EXTRACTED DATA
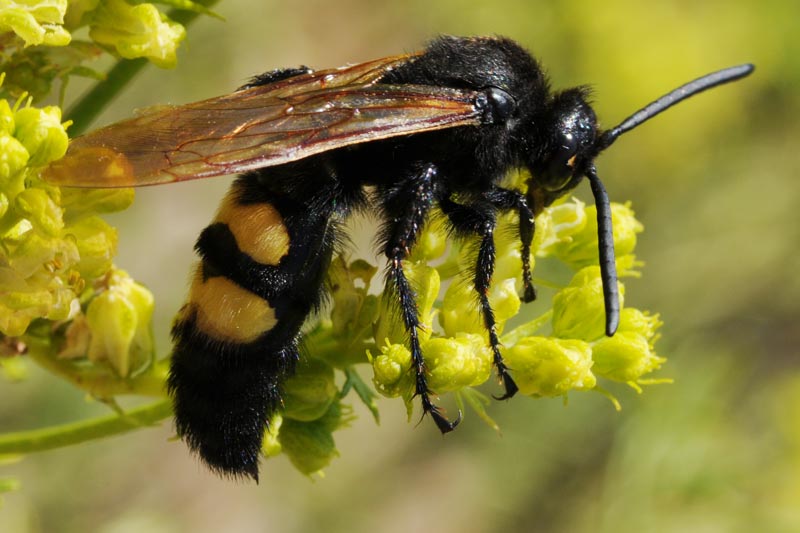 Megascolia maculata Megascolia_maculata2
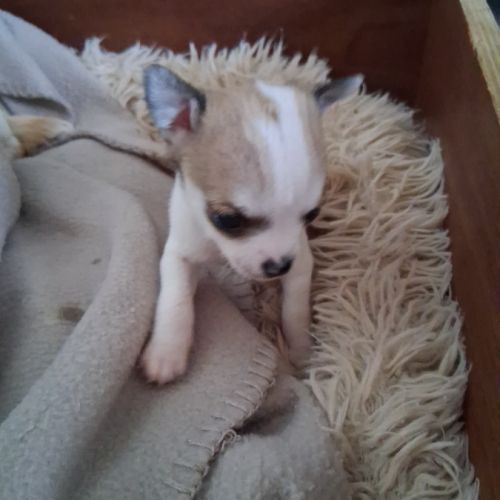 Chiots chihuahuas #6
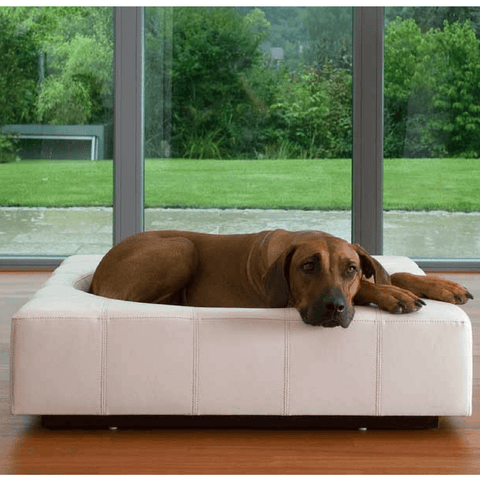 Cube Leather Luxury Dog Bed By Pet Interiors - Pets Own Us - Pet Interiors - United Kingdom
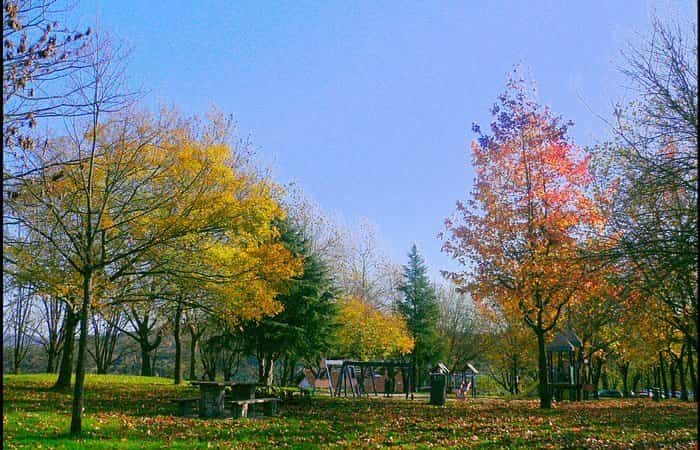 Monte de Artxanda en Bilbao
--
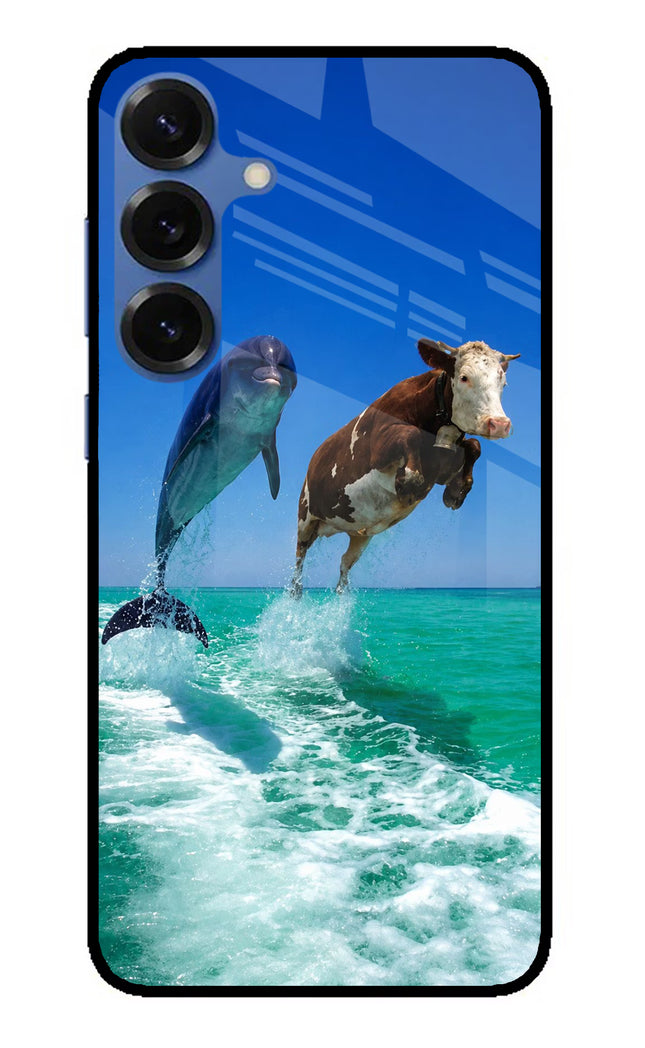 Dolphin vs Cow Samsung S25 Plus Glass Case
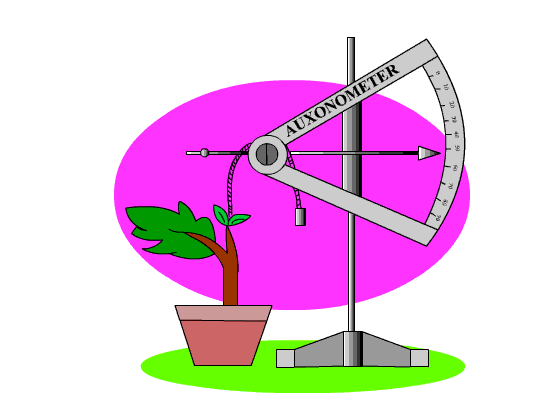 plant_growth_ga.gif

REQUIRED WORK
Transcribe only this stretch of the data: the line with "Megascolia maculata Megascolia_maculata2", the line with "Monte de Artxanda en Bilbao", and every line in between. Leave out the pictures.

EXERCISE OUTPUT
 Megascolia maculata Megascolia_maculata2
 Chiots chihuahuas #6
 Cube Leather Luxury Dog Bed By Pet Interiors - Pets Own Us - Pet Interiors - United Kingdom
 Monte de Artxanda en Bilbao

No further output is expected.